The collection has what is perhaps the world's most extensive history of gambling, with books dating back to the 16th century and dozens of volumes on such games as whist and bridge. Everything from how to play the games to how to run a casino to the gaming industry's sociological impacts is contained here.
And if physically getting out of the Las Vegas Valley is beyond your ken, it's easy to take a mental vacation and trek through time among the collection's documents, letters, books and photos.
"You get to looking at the pictures and reading the letters, and you have to set yourself a time limit. Otherwise, you'll be there forever," Su Kim Chung, special collections archivist, said.
A person could disappear for hours in the 1980s grassroots efforts to block the MX missile project. One can read testimony Shelly Bristol made to state legislators about the importance of universal HIV testing in Nevada brothels or peruse the files of Willam Hannah, Howard Hughes' public relations director.
Martha Dicey, who works for a local environmental assessment firm, was looking at the industrial histories on two sites in Summerlin and one in Henderson and also training a couple of new researchers.
They culled information from old aerial photos and and city directories that date to the 1950s.
"A bank doesn't want to buy into a Superfund site or a Love Canal," Dicey said. "UNLV is our only source for Las Vegas historic information."
She visits the collections once or twice a week and concedes that it's easy to get lost in the searching. A resident since 1988, Dicey said it's interesting to see the changes on paper.
"It's neat, since I've lived here so long," she said. "I wonder who owned my parents' house way back when. It's easy to get sidetracked, but in the back of my mind I've got, 'budget, budget, budget.' "

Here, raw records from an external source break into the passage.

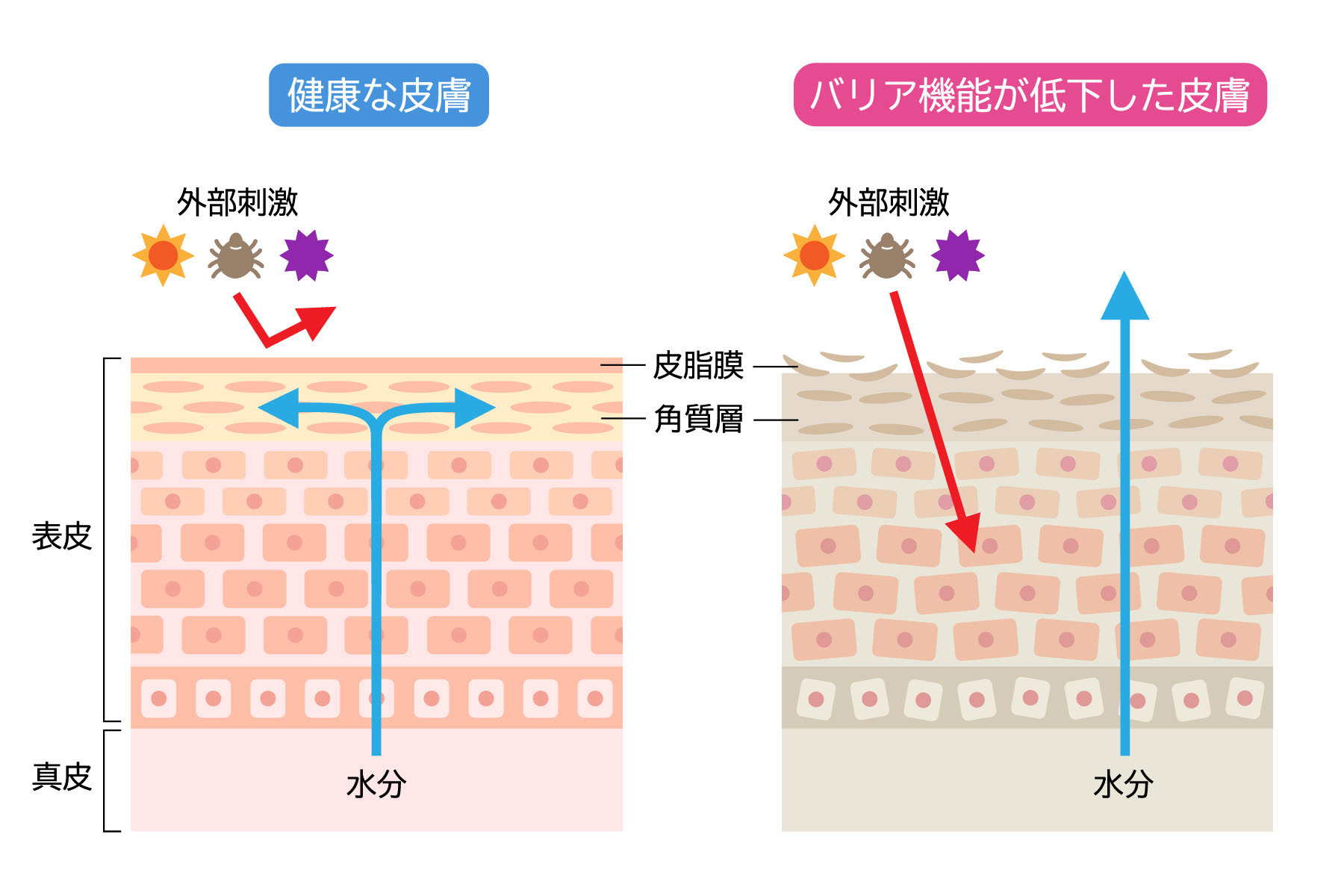 正常な肌とアトピー肌の比較（バリア機能と免疫反応のイメージ）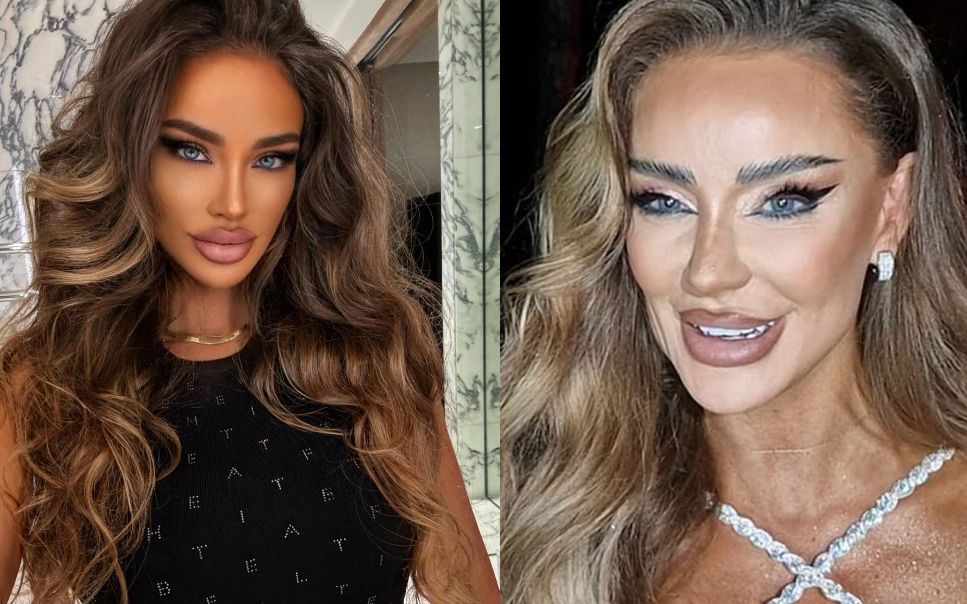 Bianca Drăgușanu, transformare uluitoare după operația de lip lift: „O să mă operez până o să arăt ca și filtrele, pe banii mei”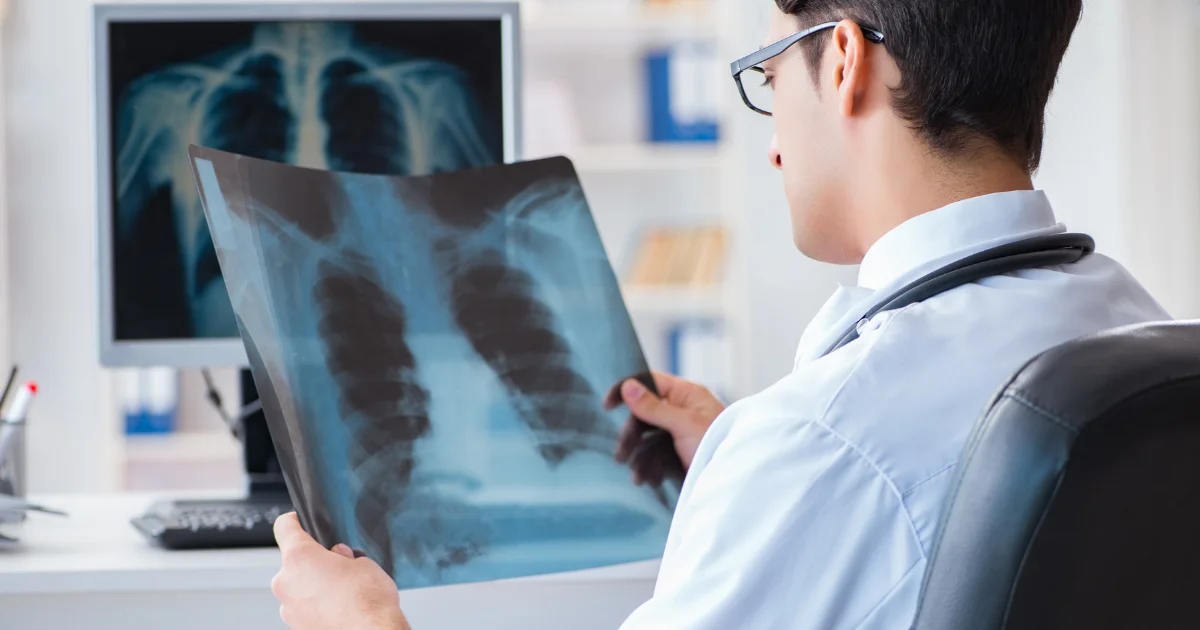 Process of capturing Images with Medical thermal Film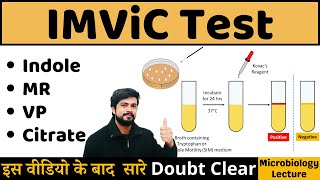 IMViC Test  Indole MR VP Citrate Utilization Test  IMViC Test Procedure in Microbiology [upl. by Leonore]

Her employer's, that is. And she went back to work.
There are a few rules. First, you sign in and give a general idea of what you're interested in. The workers will help find specific topic areas and retrieve files. Photocopies of photographs contained in large books are good enough for the average curiosity-seeker. But patrons can see actual photos on request.
Only pencils are allowed, as ink is permanent. And people may have to wear white cloth gloves to handle some files and photos.
But it's an easy way to travel. The collections are the only way to visit a Mormon settlement Daniel Bonelli founded around 1865 at the direction of Brigham Young. "Bonelli's Landing" was officially named Rioville.
And today, Rioville lies beneath Lake Mead.